Records from a dataset:
•••••
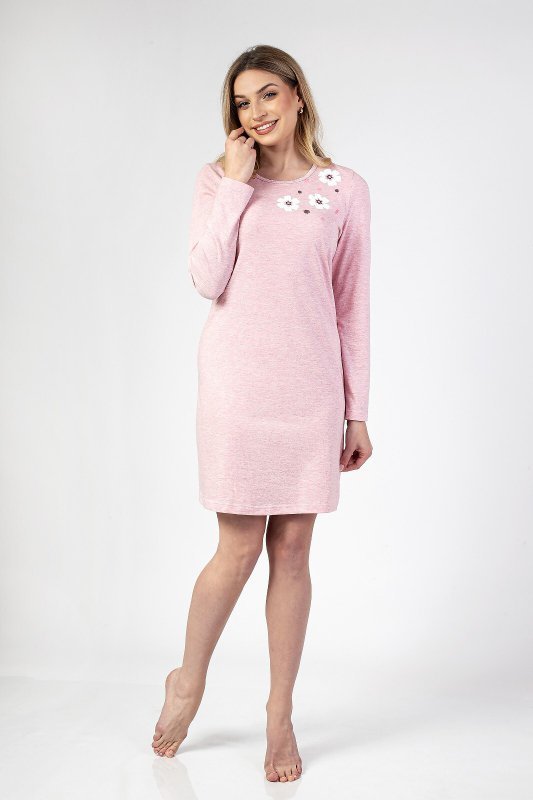 Regina Koszula 141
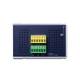 Planet IGS-10020HPT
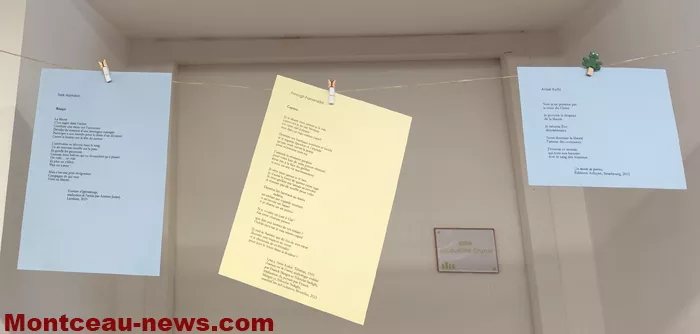 printemps-poete-2903262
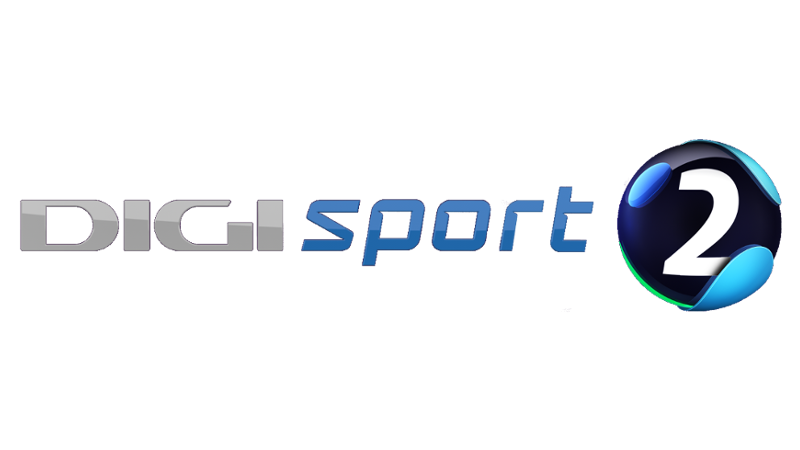 digisport (1)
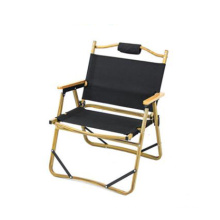 Beach Chair General Use Outdoor beach Furniture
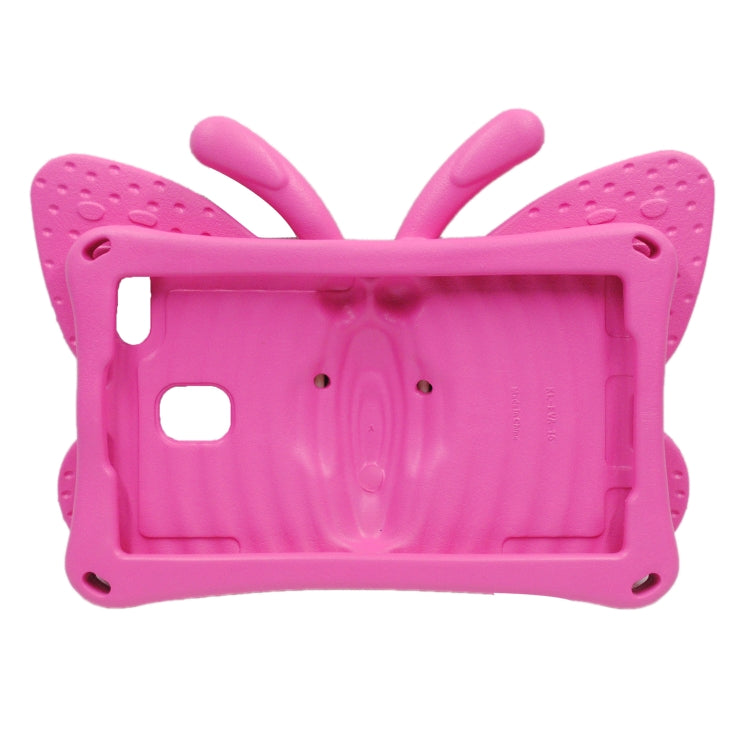 SYA001616402D_1.jpg@7c8ed04e9547af995d8d8315a6cfff21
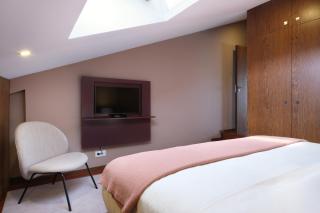 Nº150 Apartment Triplex with Suites and Terrace - 1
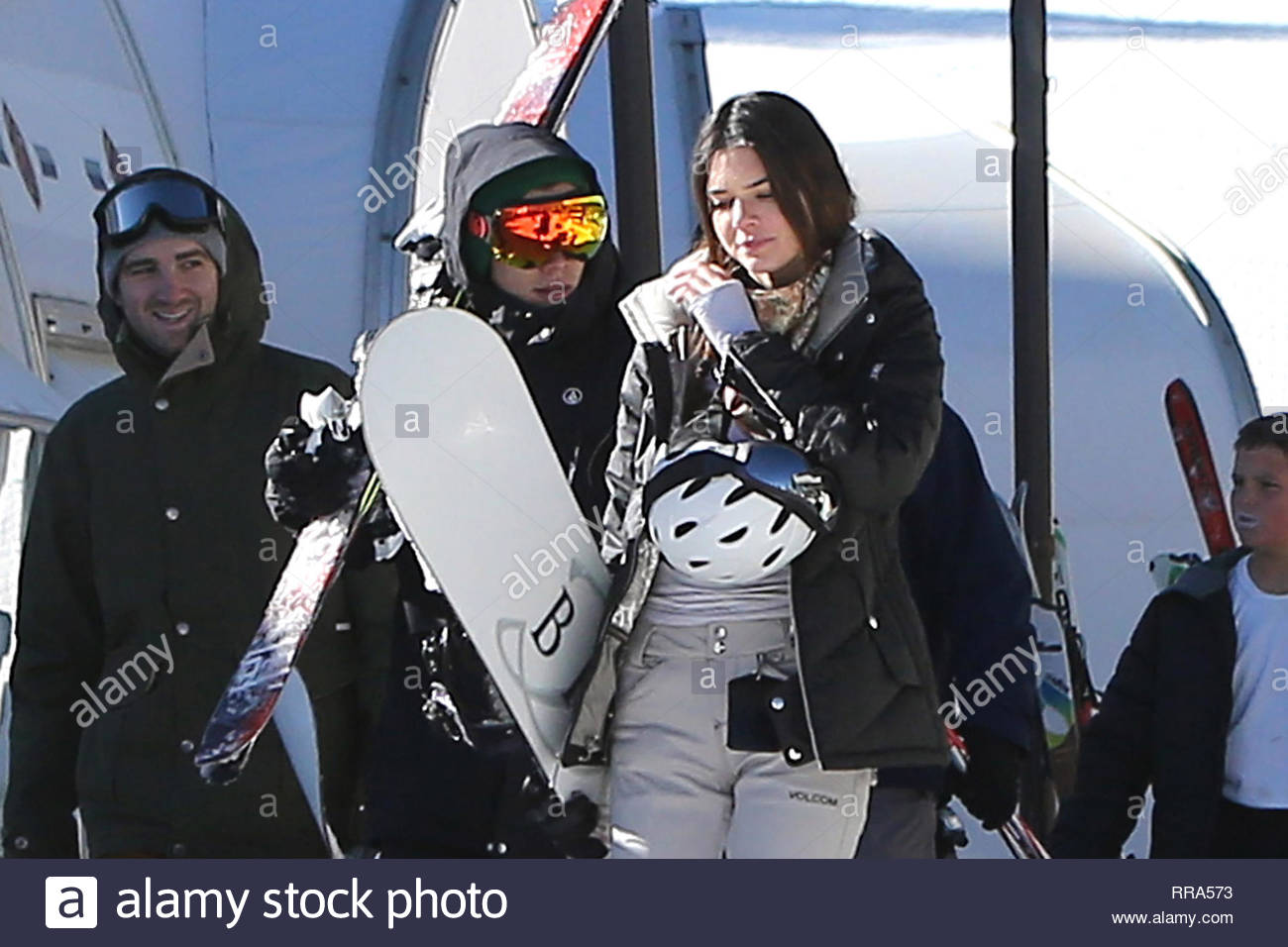 Usa Only Exclusive Must Call For Pricing Mammoth Lake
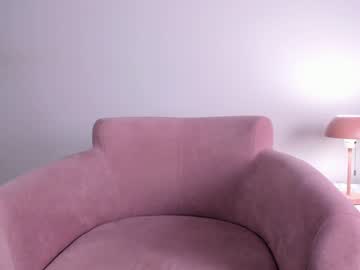 webcam girl meowlina live cam image #6480794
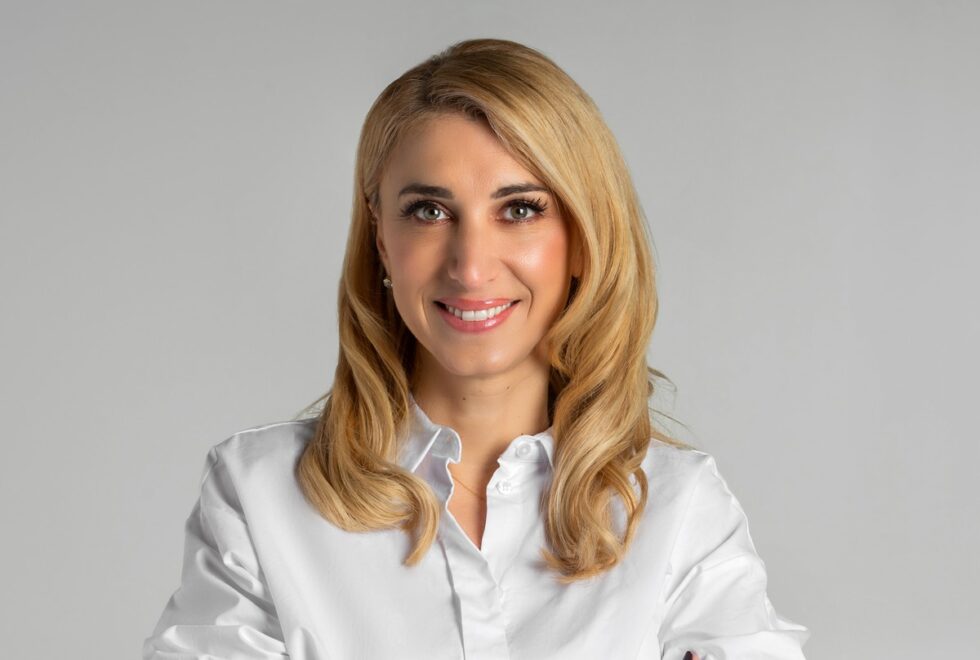 Happily Never After | Διαβάστε τη στήλη της Μυρτώς Κάζη στο νέο Spring/Summer τεύχος του Yes I Do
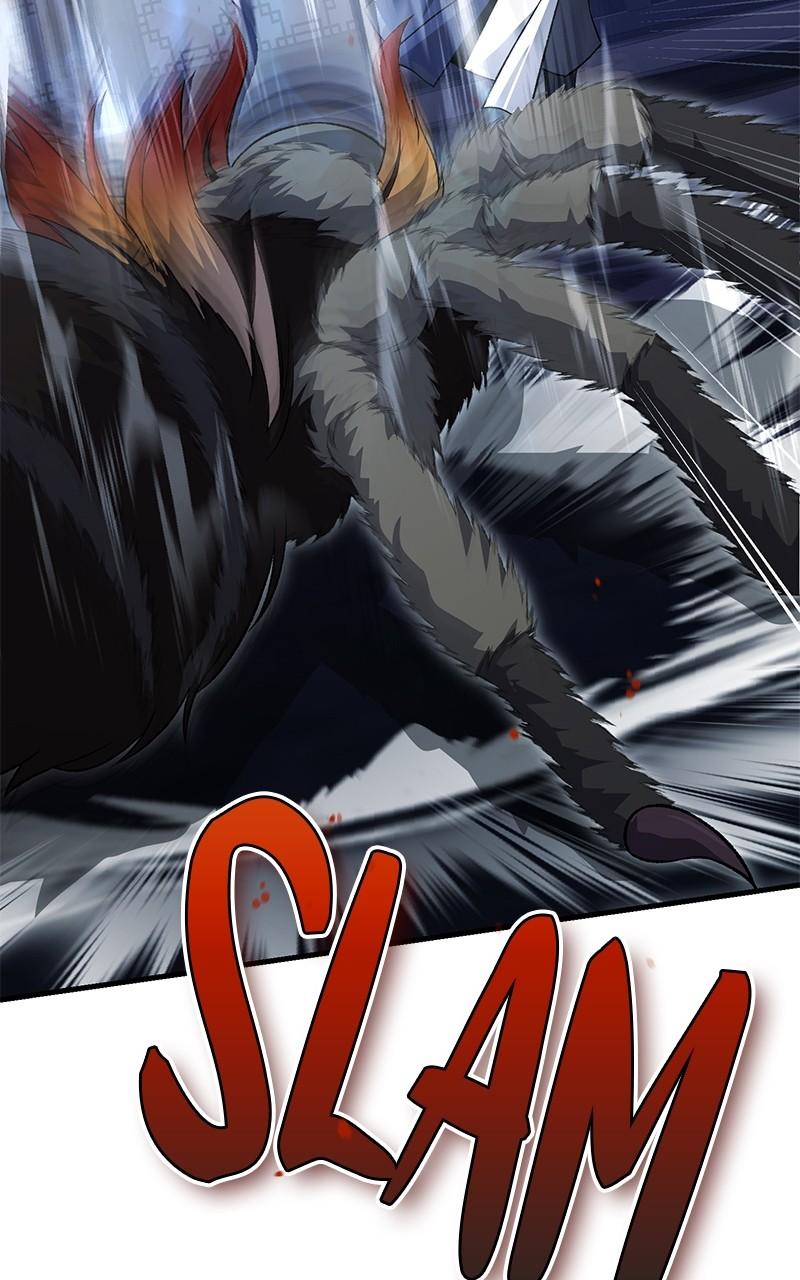 Best Teacher Baek Chap 115 - Next Chap 116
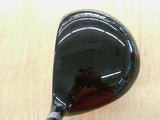 Hideki Matsuyama Dunlop SRIXON ZR-30 9.5deg S-FLEX DRIVER 1W Golf Clubs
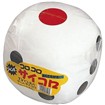 コロコロサイコロ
•••••
WHAT IS EXPECTED
Pictures stay out, but every record above is to be returned exactly.

OUTPUT BELOW
 Regina Koszula 141
 Planet IGS-10020HPT
 printemps-poete-2903262
 digisport (1)
 Beach Chair General Use Outdoor beach Furniture
 SYA001616402D_1.jpg@7c8ed04e9547af995d8d8315a6cfff21
 Nº150 Apartment Triplex with Suites and Terrace - 1
 Usa Only Exclusive Must Call For Pricing Mammoth Lake
 webcam girl meowlina live cam image #6480794
 Happily Never After | Διαβάστε τη στήλη της Μυρτώς Κάζη στο νέο Spring/Summer τεύχος του Yes I Do
 Best Teacher Baek Chap 115 - Next Chap 116
 Hideki Matsuyama Dunlop SRIXON ZR-30 9.5deg S-FLEX DRIVER 1W Golf Clubs
 コロコロサイコロ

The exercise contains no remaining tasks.